India expected to hold rates on inflation worries
MUMBAI, India — (AFP) India’s Central Bank will likely keep interest rates on hold starting yesterday as it waits to assess the impact of weak annual rains on food prices, economists said.
Reserve Bank of India (RBI) chief Raghuram Rajan, known as an inflation hawk, is unlikely to cut borrowing costs although June’s consumer price index (CPI) was at a 30-month low, they added.
“The RBI will be on a watchful status quo since it needs time to assess the impact” on food price inflation of a below-average monsoon and “any drought situation that might emerge”, Rajiv Biswas, chief Asia economist for global consultancy IHS, told AFP.
The RBI’s trend-setting repo rate — at which the central bank lends to commercial banks — stands at a steep eight per cent which businesses say discourages investment needed to help India’s economy get back on its feet.
Since Rajan took over as governor last September, he has raised rates three times to clamp down on rising prices, even with the economy growing at subfive per cent for a second straight year and business clamouring for monetary easing.
Indian farmers rely for irrigation largely on the annual rains, which are more than 20 per cent below average so far this year.
Although June’s consumer price index, closely watched by the central bank, rose by its slowest pace since January 2012, climbing 7.31 per cent from a year earlier, Rajan will want further evidence inflation is slowing before cutting rates, economists say.

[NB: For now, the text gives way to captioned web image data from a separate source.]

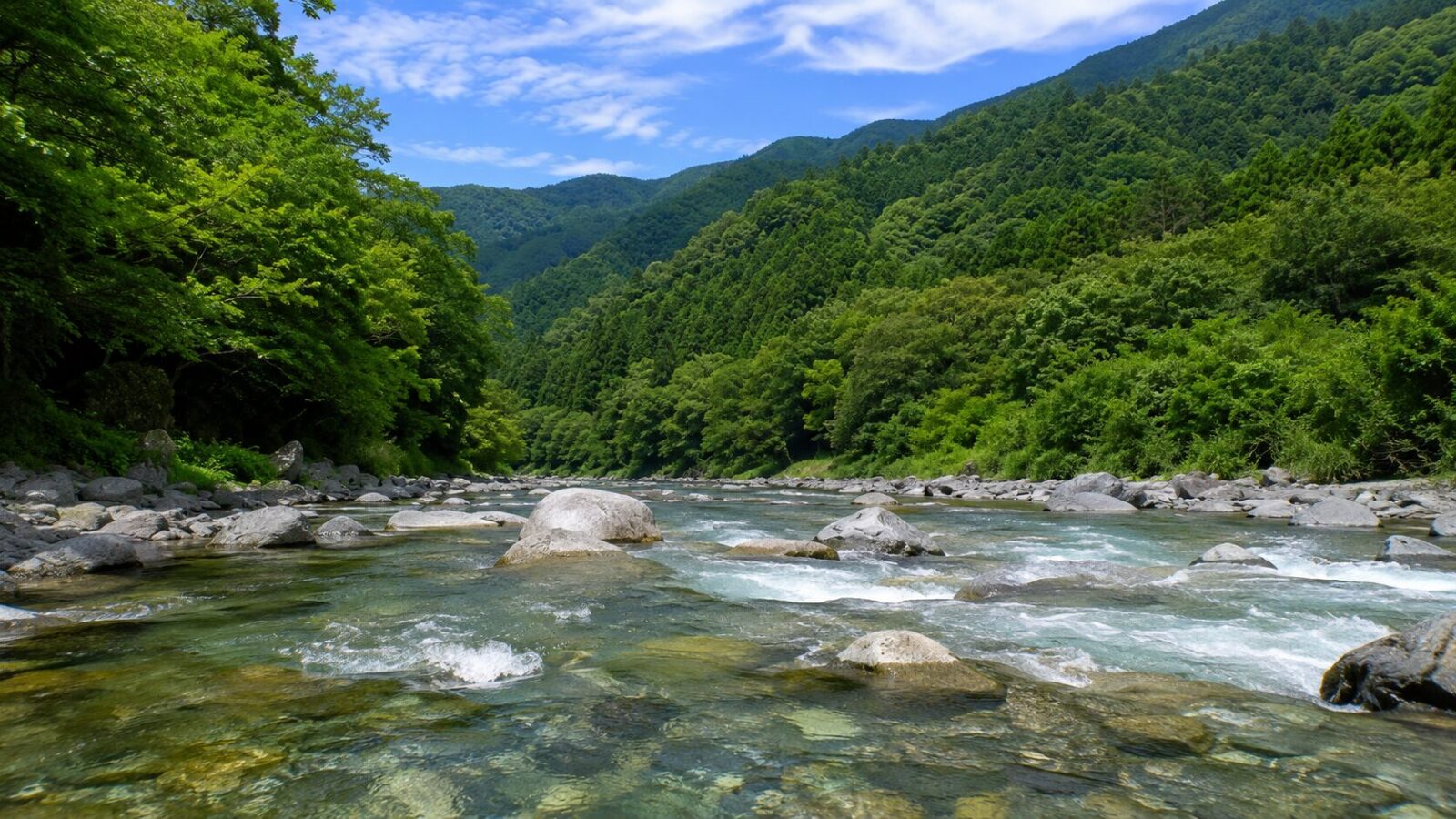 多摩川本流の渓相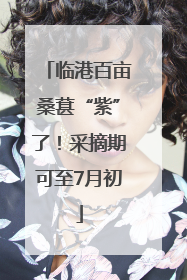 临港百亩桑葚“紫”了！采摘期可至7月初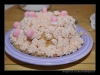 2009-03-28-29_TheVZSSST053.jpg
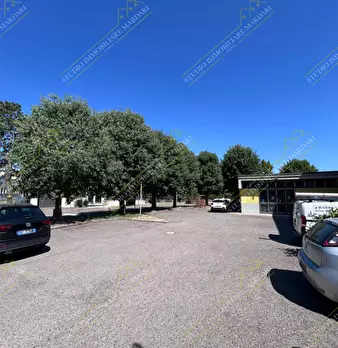 Foto annuncio 46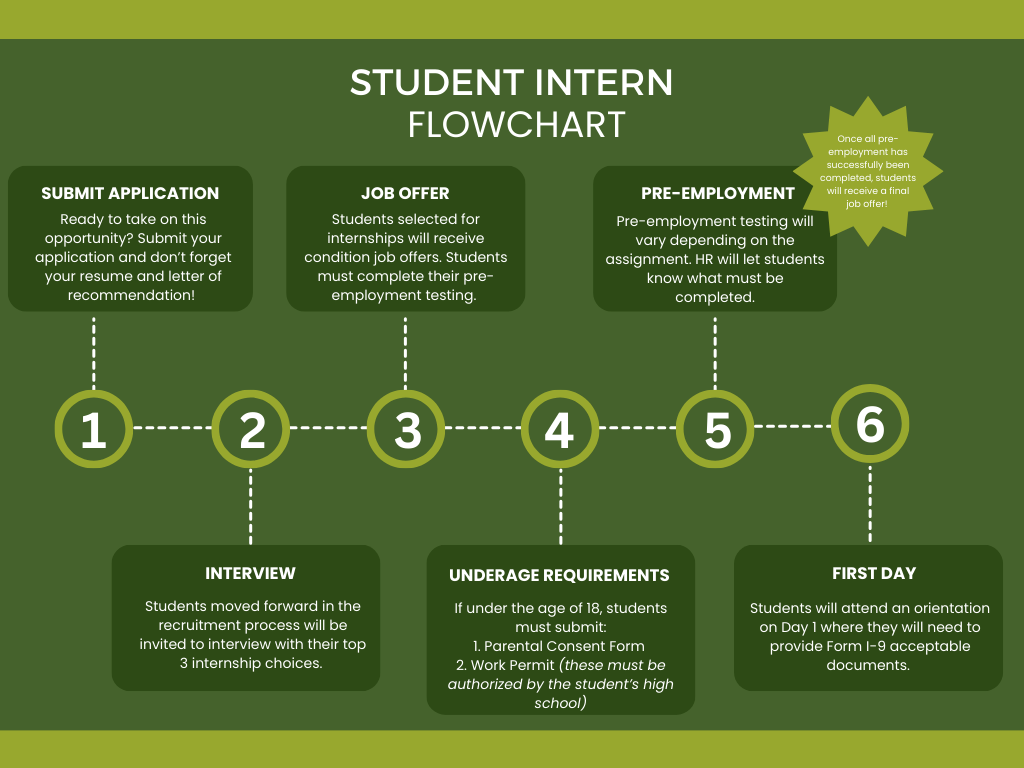 Student Intern Flowchart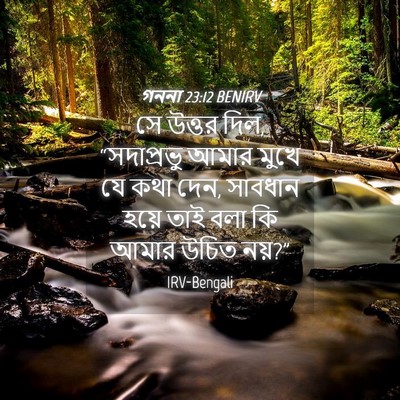 Picture 04 - গননা 23:12 BENIRV - সে উত্তর দিল, - Bible Verse Picture
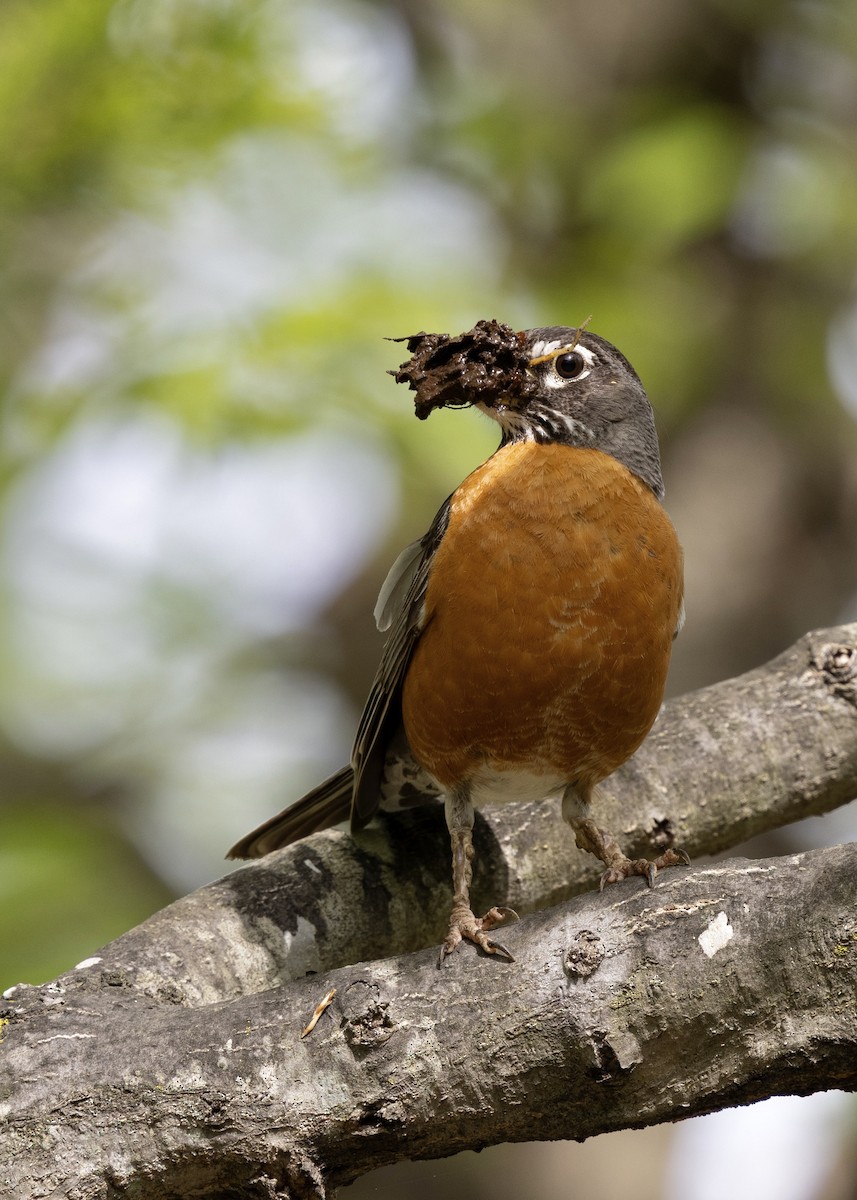 American Robin - ML638932458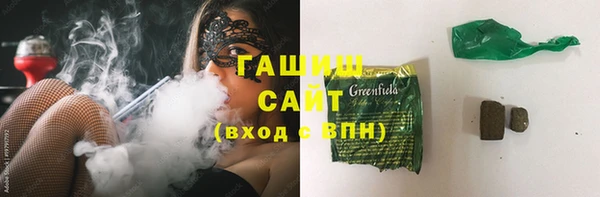 гашик Пестово
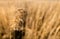 Common reed Phragmites australis as background or texture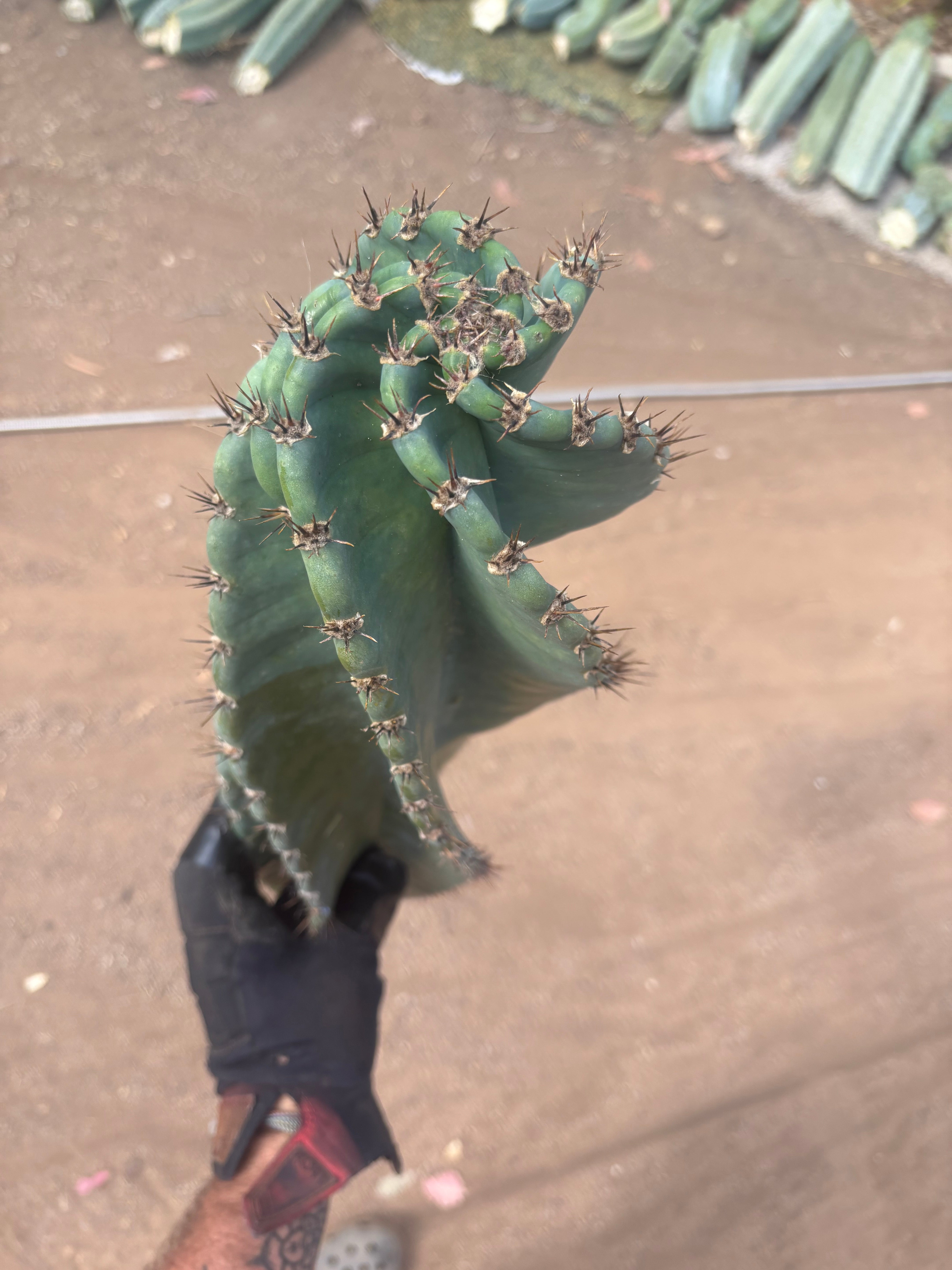 💎🌀 A Cereus Tornado  — XXL 21” Pup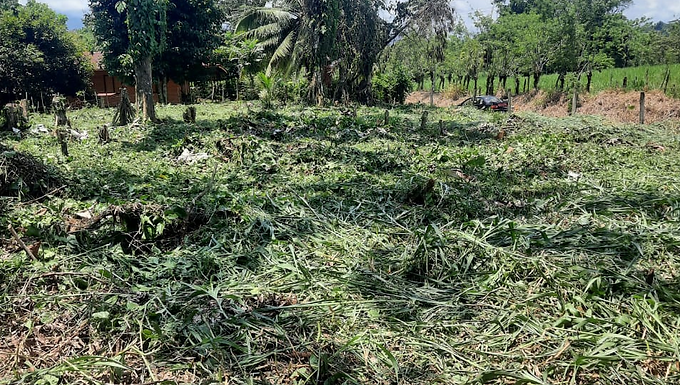 Se Vende Lote Grande en Guácimo, Limón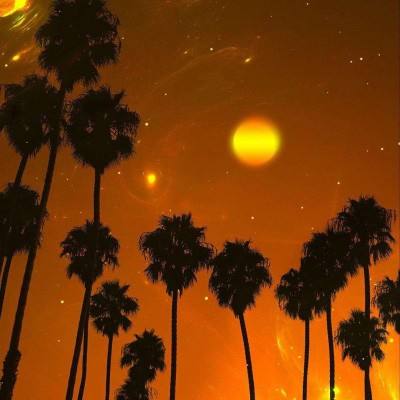 天下彩网站下载手机版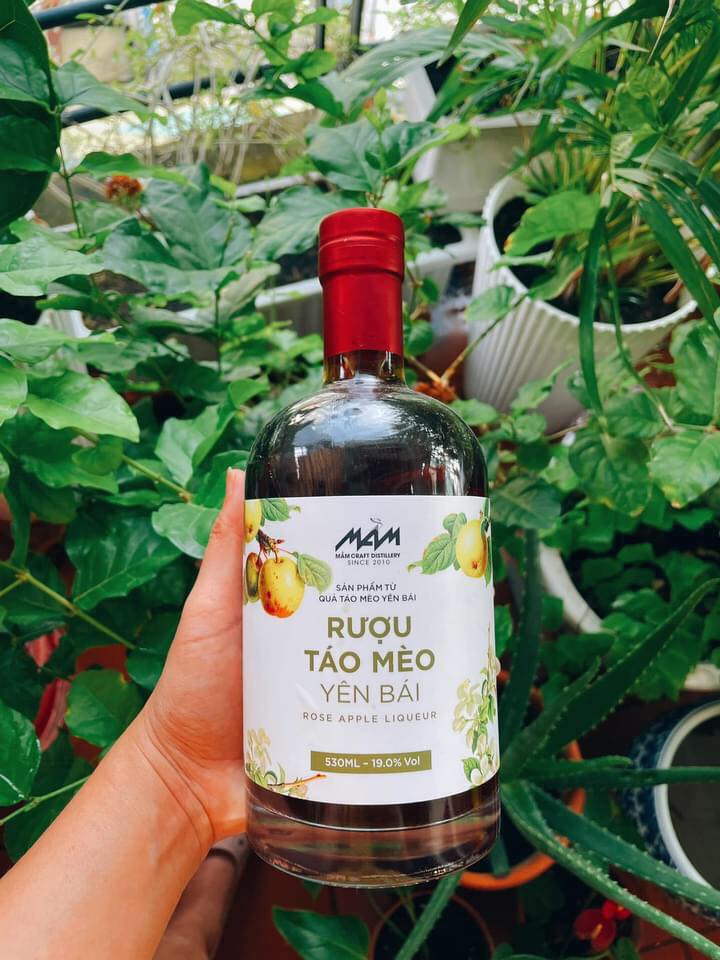 Lợi ích khi uống rượu Mầm – táo mèo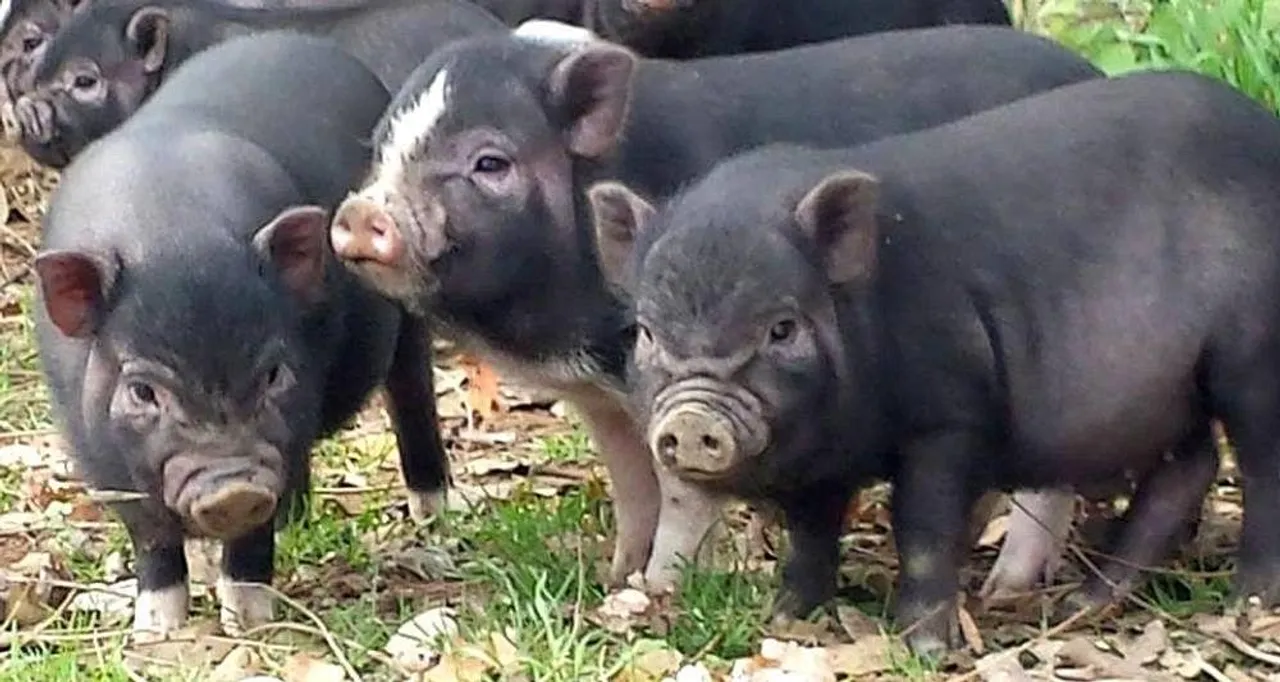Ban on Movement of Pigs in Tinsukia Amid Swine Fever Outbreak 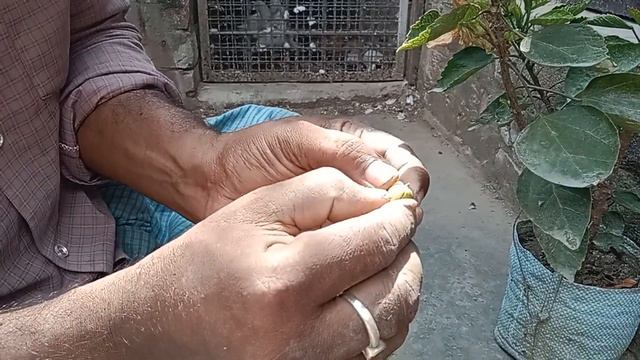 Hibiscus plants seeds colection.(Joba gache r Bij songroho ) смотреть онлайн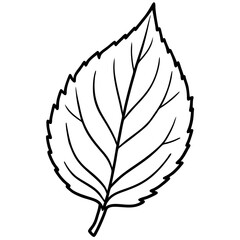 black and white leaf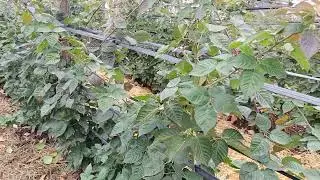 Potassium and zinc in plant life.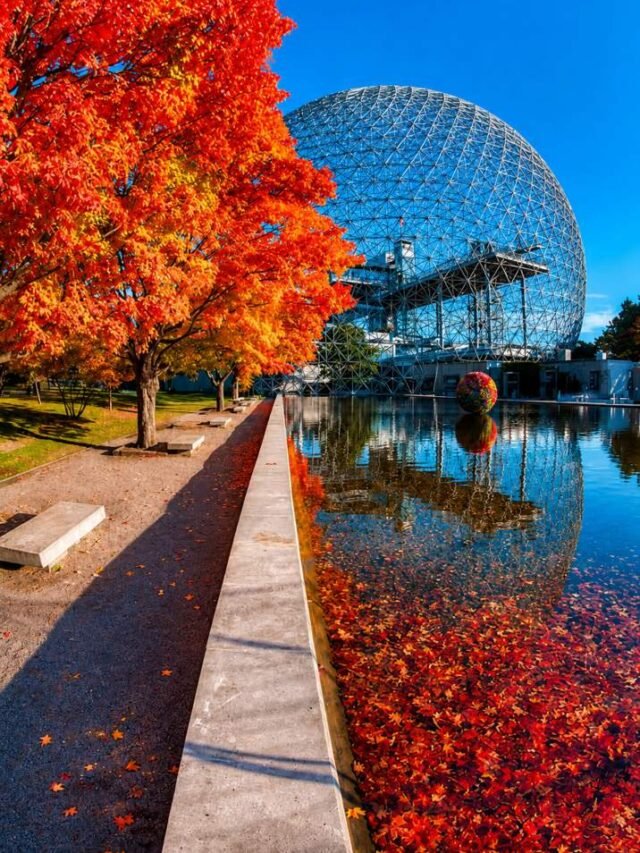 Leia mais sobre o artigo Descubra Montreal em um City Tour Especial com Guia Brasileiro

The RBI “is likely to pause again in August to get a better sense of the inflation trajectory”, HSBC’s Frederic Neumann said.
India’s economy and inflation levels remain highly vulnerable to any sharp rise in global crude oil prices as New Delhi imports more than 80 per cent of its oil needs.
IHS’s Biswas said chances of a rate hike by the RBI in the near-term were slim as it “will not help the economy already struggling. In any case, factors like rainfall and oil price shocks are really out of RBI’s control”.
But economists, such as Mole Hau at BNP Paribas, believe another round of rate hikes could come in 2015 if the Central Bank wants to meet its target of cooling consumer price inflation to six per cent by 2016.